Solved – Relation between AR(p) stationarity and causality

autoregressivecausalitystationaritytime series

Let's take an AR(p) model $\phi(L)y_t=z_t$ where $\phi(L)=1-\phi_1-…-\phi_pL^p$ and L is the lag operator. I have just studied that if there are no roots of the polynomial on the unit circle,

$1/\phi(L)=\sum_{j=-\infty}^\infty\psi_jL^j$

and

$\sum_{j=-\infty}^\infty|\psi_j|<\infty$.

But it is also true that if the above condition holds, then the process $y_t=\sum_{j=-\infty}^\infty\psi_jz_{t-j}$ is stationary, provided that $z_t$ is stationary.

So my question is: is it correct to say that all AR process such that the polynomial $\phi$ has no roots on the unit circle are stationary? This would imply that also a process like $y_t=2y_{t-1}+z_t$ is stationary (although non-causal).

This does not fit with what I have been told before, i.e. that an AR process is stationary if and only if it has all roots oustide the unit circle. So what is the correct stationarity condition for AR processes?

Best Answer

It might not be relevant for @MrJames anymore but my answer might help others.

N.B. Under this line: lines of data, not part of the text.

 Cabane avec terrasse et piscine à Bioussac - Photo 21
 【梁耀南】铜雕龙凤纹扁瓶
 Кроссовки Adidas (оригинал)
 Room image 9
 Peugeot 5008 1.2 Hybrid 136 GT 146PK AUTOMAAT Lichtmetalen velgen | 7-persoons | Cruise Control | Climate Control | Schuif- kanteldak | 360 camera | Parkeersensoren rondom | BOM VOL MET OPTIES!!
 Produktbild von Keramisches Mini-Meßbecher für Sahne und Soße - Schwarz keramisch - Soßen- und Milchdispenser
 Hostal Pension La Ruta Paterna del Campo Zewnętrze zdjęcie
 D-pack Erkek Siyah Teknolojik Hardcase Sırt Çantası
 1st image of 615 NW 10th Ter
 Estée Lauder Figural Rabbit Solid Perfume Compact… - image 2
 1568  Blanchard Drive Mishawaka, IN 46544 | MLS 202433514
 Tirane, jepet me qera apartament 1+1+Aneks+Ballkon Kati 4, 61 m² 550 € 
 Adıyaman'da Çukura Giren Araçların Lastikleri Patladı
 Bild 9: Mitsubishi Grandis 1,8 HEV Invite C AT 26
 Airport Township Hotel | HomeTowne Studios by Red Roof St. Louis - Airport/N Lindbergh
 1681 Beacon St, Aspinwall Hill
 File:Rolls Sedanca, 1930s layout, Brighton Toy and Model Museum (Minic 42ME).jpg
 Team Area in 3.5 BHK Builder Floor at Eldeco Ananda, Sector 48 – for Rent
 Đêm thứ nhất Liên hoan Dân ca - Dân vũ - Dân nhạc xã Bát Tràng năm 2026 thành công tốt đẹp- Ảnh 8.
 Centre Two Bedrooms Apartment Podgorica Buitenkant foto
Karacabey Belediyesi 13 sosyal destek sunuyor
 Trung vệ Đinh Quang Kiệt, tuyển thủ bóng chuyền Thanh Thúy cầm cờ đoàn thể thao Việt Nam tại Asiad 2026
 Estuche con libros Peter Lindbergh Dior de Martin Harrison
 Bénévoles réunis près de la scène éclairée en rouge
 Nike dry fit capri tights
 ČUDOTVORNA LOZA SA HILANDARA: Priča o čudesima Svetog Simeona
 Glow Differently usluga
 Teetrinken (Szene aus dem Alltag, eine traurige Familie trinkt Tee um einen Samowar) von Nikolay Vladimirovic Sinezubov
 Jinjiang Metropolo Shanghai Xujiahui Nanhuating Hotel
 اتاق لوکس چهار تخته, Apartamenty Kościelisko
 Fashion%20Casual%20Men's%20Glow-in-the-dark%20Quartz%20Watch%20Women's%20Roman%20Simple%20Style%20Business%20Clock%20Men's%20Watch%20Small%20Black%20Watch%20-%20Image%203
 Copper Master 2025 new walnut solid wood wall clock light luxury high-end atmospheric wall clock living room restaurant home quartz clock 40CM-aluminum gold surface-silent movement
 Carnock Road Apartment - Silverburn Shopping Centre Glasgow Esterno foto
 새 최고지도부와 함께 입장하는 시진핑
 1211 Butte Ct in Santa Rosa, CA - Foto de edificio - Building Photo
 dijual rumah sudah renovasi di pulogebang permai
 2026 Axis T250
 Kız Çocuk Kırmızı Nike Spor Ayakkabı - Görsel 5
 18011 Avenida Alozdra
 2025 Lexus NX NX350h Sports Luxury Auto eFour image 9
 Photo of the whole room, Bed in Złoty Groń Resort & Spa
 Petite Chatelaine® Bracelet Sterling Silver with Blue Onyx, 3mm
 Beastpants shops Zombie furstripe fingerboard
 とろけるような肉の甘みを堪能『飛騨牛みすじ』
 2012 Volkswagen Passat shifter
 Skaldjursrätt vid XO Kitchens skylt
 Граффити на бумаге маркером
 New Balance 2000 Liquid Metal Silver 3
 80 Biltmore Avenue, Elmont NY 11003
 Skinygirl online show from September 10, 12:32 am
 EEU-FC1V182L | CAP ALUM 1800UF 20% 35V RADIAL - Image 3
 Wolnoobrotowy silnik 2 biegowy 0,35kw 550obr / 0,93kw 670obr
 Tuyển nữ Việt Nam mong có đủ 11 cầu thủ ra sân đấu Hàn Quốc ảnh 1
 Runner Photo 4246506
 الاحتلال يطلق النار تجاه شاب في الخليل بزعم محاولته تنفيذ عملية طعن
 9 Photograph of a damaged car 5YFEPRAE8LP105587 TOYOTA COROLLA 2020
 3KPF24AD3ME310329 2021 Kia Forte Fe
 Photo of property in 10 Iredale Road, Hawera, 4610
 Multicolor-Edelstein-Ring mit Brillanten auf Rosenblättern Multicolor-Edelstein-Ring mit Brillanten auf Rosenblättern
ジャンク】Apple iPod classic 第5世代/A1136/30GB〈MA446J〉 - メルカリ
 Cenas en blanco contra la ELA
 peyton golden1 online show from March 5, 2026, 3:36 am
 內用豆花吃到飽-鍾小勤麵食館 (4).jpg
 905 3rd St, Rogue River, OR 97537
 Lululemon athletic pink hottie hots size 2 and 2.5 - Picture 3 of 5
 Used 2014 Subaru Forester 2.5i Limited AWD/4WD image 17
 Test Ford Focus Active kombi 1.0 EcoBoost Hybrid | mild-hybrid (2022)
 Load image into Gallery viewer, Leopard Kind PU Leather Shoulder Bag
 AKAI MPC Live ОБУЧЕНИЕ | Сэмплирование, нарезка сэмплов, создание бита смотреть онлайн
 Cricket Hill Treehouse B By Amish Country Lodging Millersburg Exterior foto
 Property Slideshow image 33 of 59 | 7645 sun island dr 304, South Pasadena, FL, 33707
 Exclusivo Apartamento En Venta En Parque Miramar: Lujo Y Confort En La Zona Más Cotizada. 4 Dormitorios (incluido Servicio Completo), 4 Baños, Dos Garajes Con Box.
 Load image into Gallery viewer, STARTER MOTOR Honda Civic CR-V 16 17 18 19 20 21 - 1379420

Have a look at "Introduction to Time Series and Forecasting" by Brockwell and Davis (third edition). Here they say that a stationary solution of $\Phi(L)y_t=z_t$ exists and is unique if and only if $\Phi$ has no roots on the unit circle. It is causual if all roots of $\Phi$ are outside the unit circle.

Hence, causality implies stationarity but not the other way around.